Problem to work on: Copy out the entries below exactly as they stand, but only from the line containing "Rappresentazione di un'auto" through the line containing "USAD | 高中生首选的通识学术活动——美国学术十项全能比赛 USAD".

Given data:

---

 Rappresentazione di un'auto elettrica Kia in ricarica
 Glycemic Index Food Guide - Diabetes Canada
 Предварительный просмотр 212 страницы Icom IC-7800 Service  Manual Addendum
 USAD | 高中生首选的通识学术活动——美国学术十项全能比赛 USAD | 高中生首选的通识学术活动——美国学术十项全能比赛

---

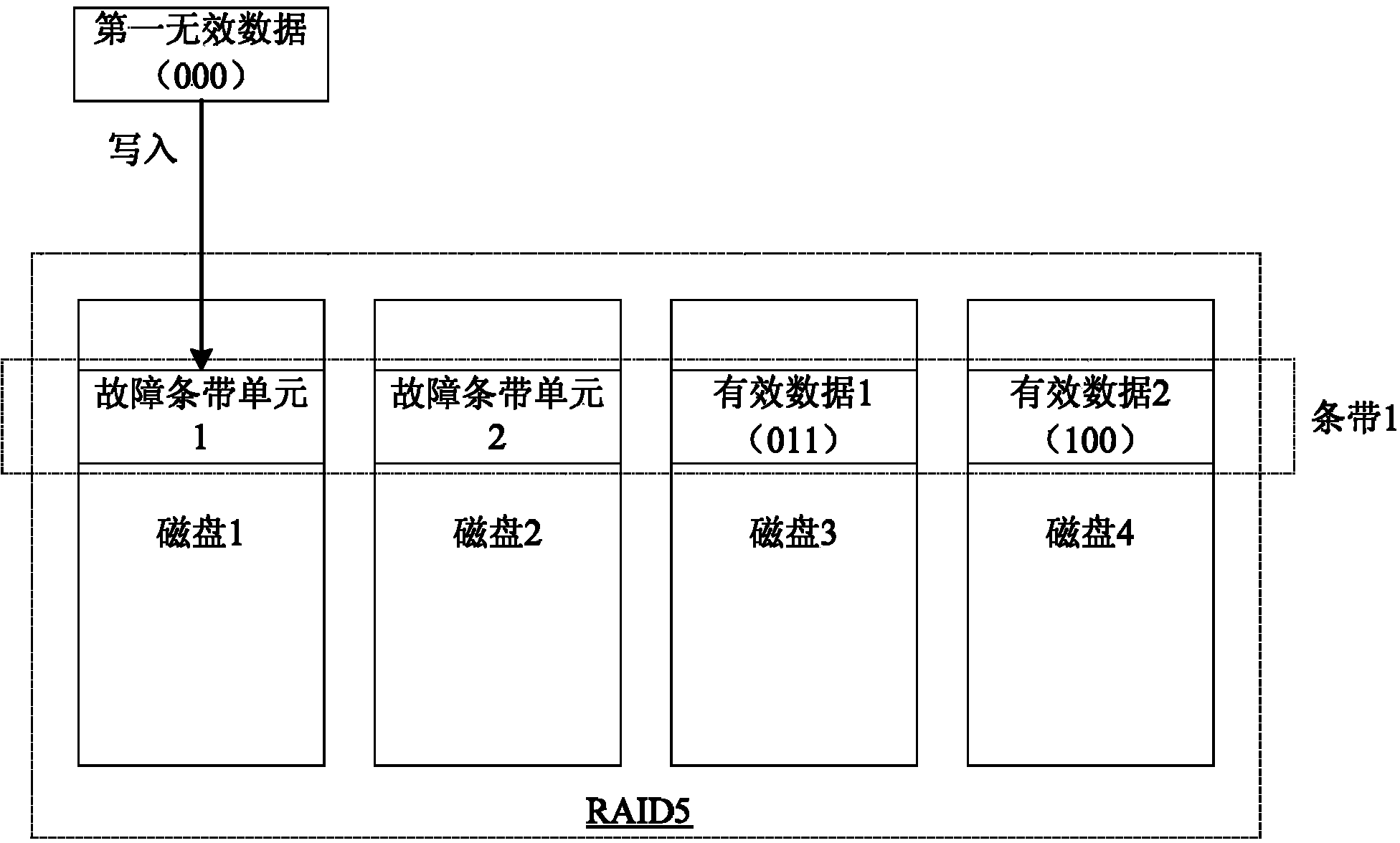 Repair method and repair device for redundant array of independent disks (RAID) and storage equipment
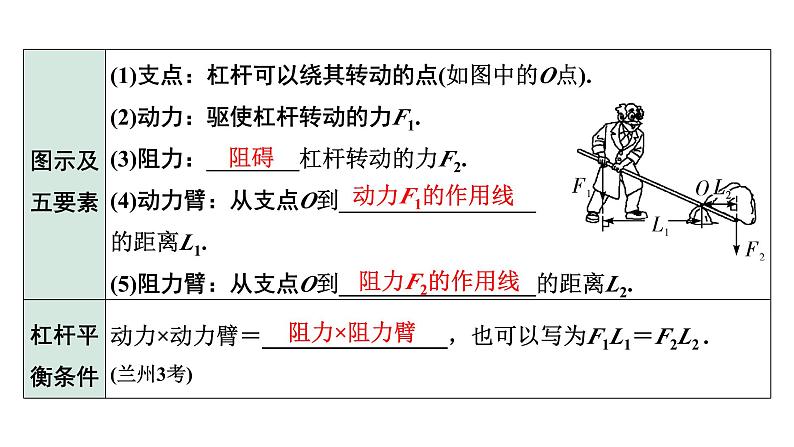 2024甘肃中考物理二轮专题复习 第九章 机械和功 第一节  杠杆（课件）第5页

---

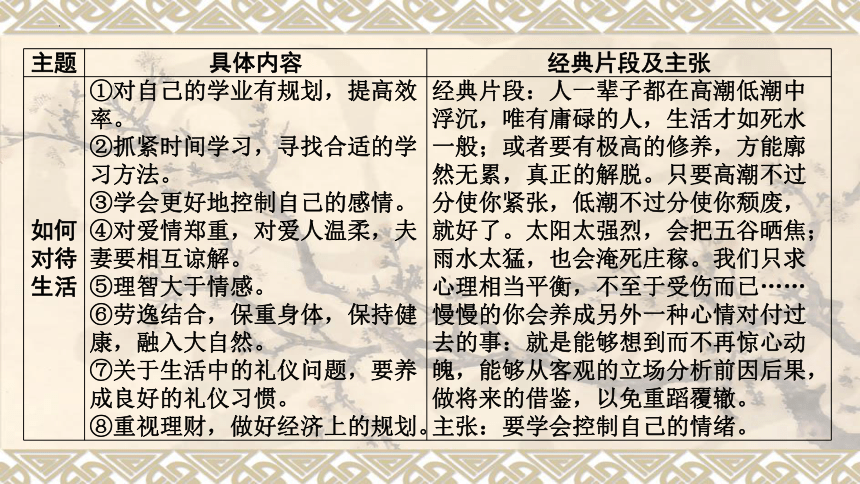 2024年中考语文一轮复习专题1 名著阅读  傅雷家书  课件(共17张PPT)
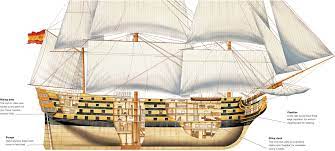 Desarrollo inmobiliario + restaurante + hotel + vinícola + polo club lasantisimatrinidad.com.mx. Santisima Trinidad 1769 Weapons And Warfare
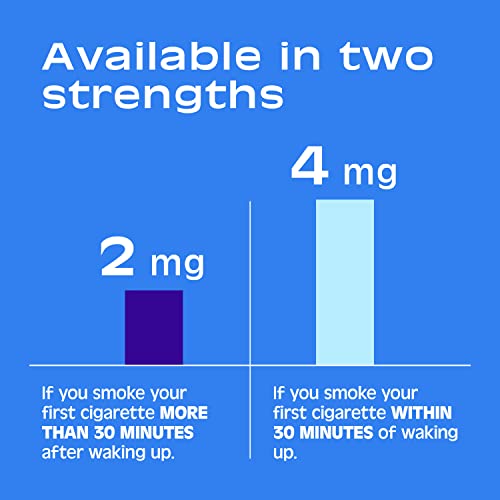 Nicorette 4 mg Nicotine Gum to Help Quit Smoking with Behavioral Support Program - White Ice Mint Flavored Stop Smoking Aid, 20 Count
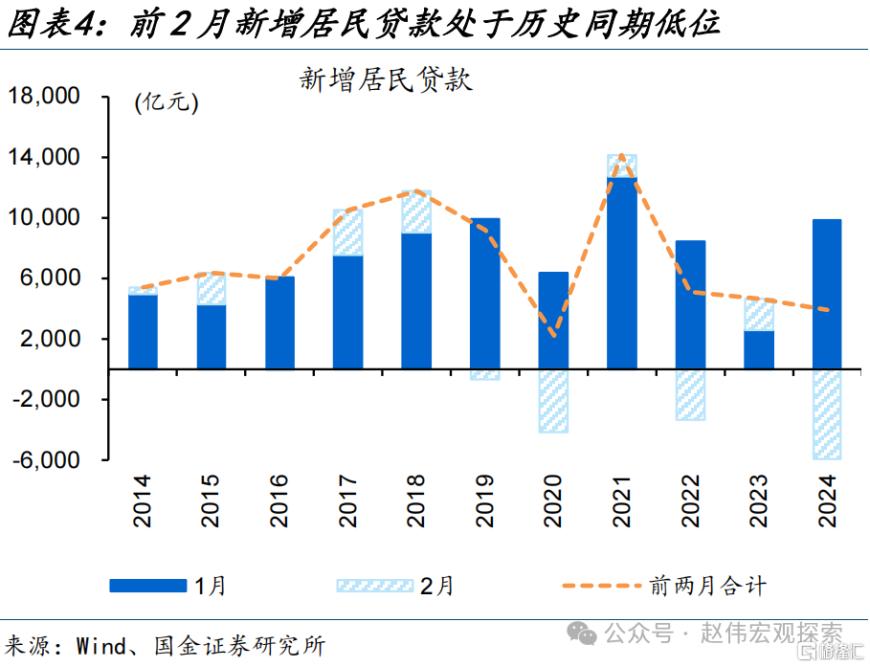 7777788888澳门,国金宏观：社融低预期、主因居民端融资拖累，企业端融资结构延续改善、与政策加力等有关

---

Solution to the exercise:
 Rappresentazione di un'auto elettrica Kia in ricarica
 Glycemic Index Food Guide - Diabetes Canada
 Предварительный просмотр 212 страницы Icom IC-7800 Service  Manual Addendum
 USAD | 高中生首选的通识学术活动——美国学术十项全能比赛 USAD | 高中生首选的通识学术活动——美国学术十项全能比赛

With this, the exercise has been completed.